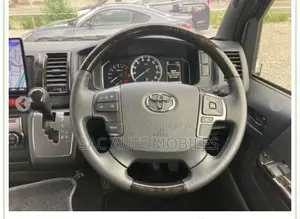 Toyota Hiace Super GL 2022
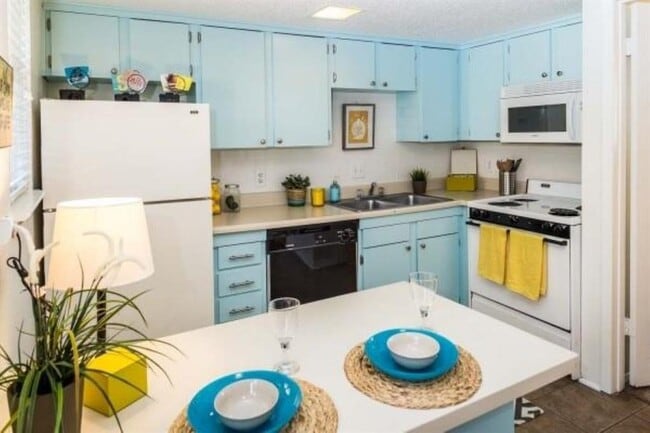 Building Photo - 3405 Helms St Unit 202 Rental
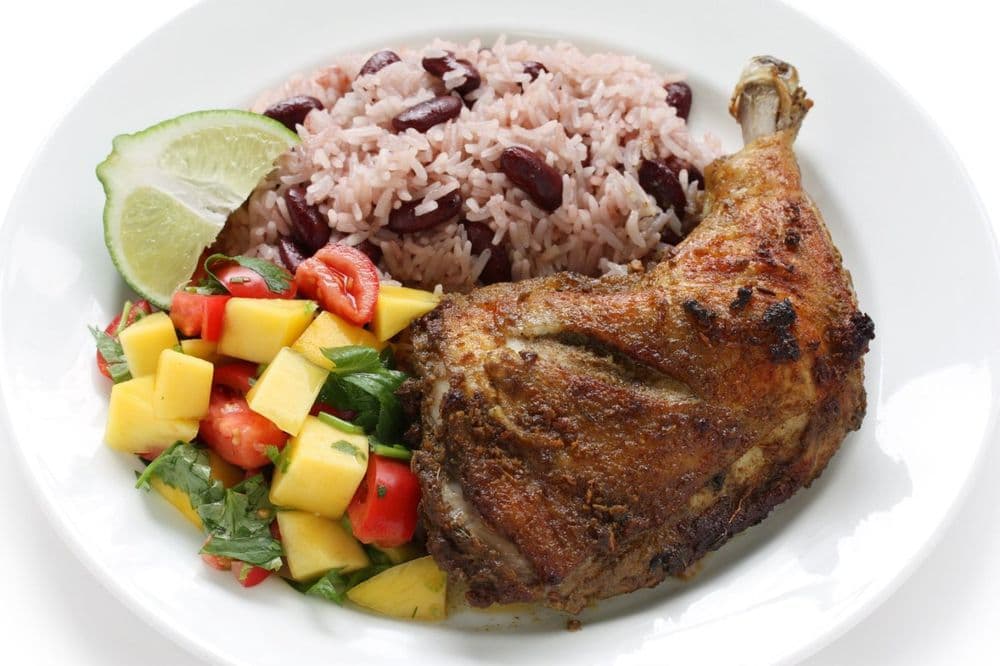 <b><a href="https://ochoriosphilly.com/">Número 4: Ocho Ríos Parrilla (1710 E Passyunk Ave Philadelphia, PA 19148)</a></b>. Según sus dueños, ofrecen “desde pollo jerk casero hasta estofado de rabo de buey y pargo caribeño entero fresco, nuestro chef le ofrece los mejores sabores de todas las islas. Se pone mucho amor en todo lo que hacemos con solo las carnes, los mariscos y las verduras más frescos”.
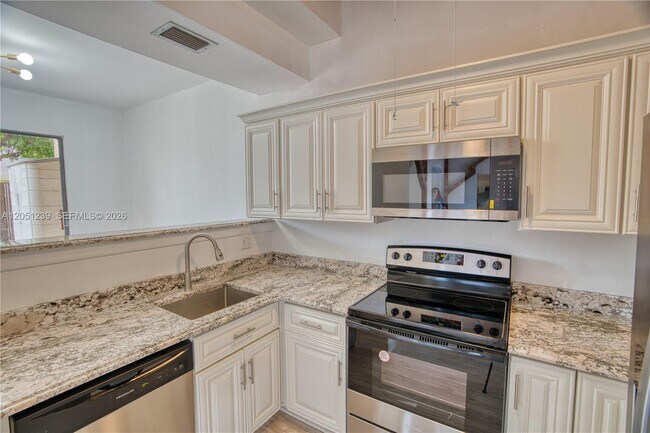 Building Photo - 8015 SW 21st Ct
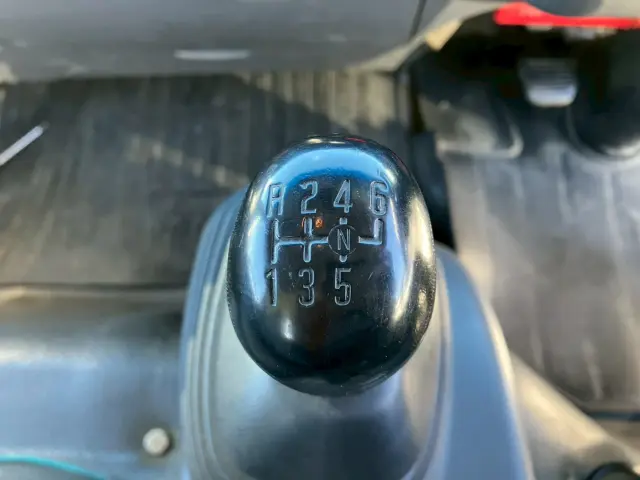 いすゞ エルフ SKG-NPR85YN(2WD)の写真34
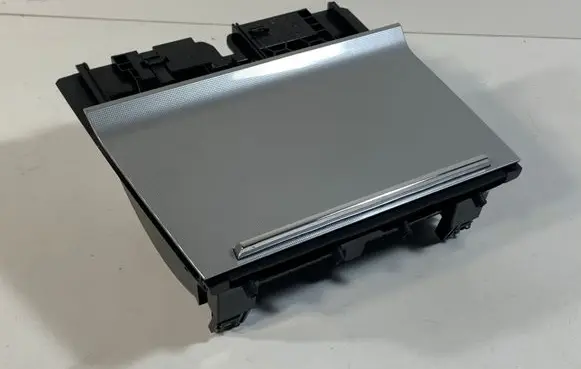 Skoda Octavia Mk3 (5E) Ashtray (front) 5E2863077B 5E1863077 5E0863589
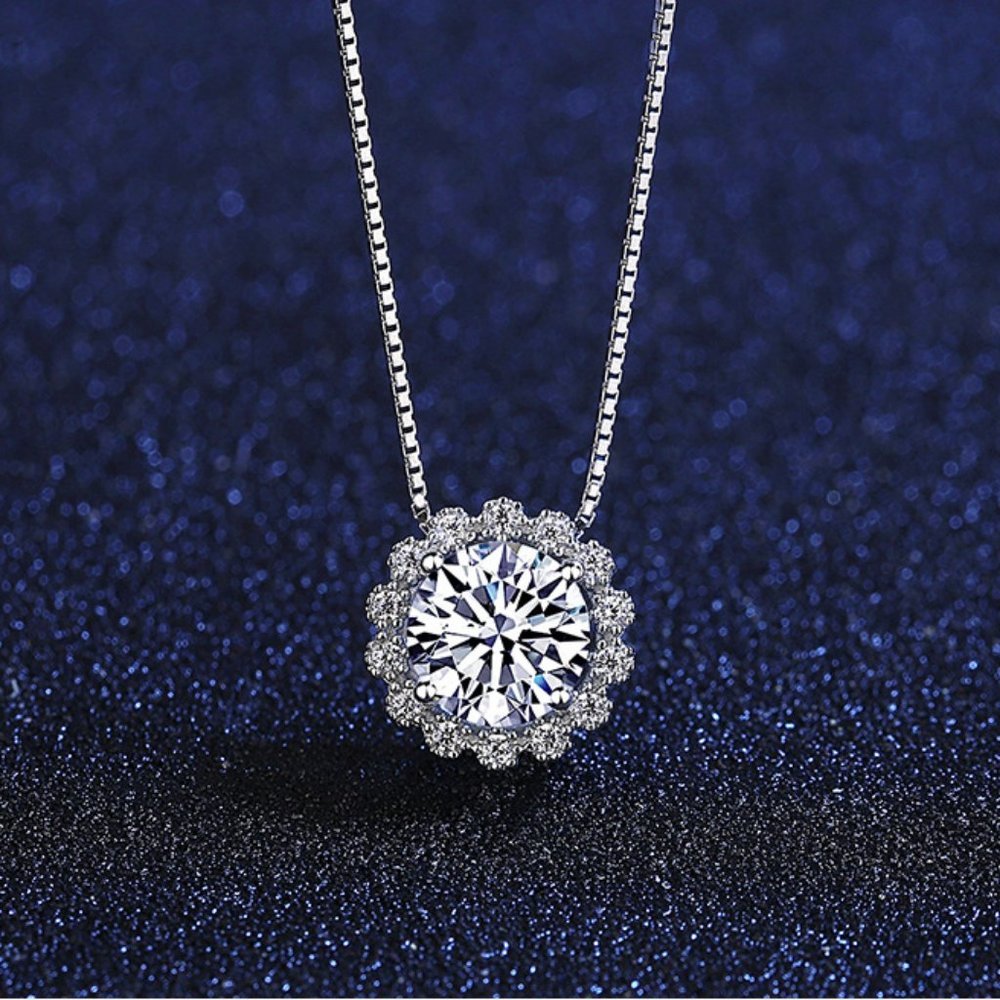 Certified 1ct. t.w. Diamond Moissanite Halo Necklace NEW M - Picture 3 of 10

▶ **WORK ORDER**
Output every record verbatim, excluding any picture it contains.

▶ **EXERCISE SOLUTION**
 Toyota Hiace Super GL 2022
 Building Photo - 3405 Helms St Unit 202 Rental
 <b><a href="https://ochoriosphilly.com/">Número 4: Ocho Ríos Parrilla (1710 E Passyunk Ave Philadelphia, PA 19148)</a></b>. Según sus dueños, ofrecen “desde pollo jerk casero hasta estofado de rabo de buey y pargo caribeño entero fresco, nuestro chef le ofrece los mejores sabores de todas las islas. Se pone mucho amor en todo lo que hacemos con solo las carnes, los mariscos y las verduras más frescos”.
 Building Photo - 8015 SW 21st Ct
 いすゞ エルフ SKG-NPR85YN(2WD)の写真34
 Skoda Octavia Mk3 (5E) Ashtray (front) 5E2863077B 5E1863077 5E0863589
 Certified 1ct. t.w. Diamond Moissanite Halo Necklace NEW M - Picture 3 of 10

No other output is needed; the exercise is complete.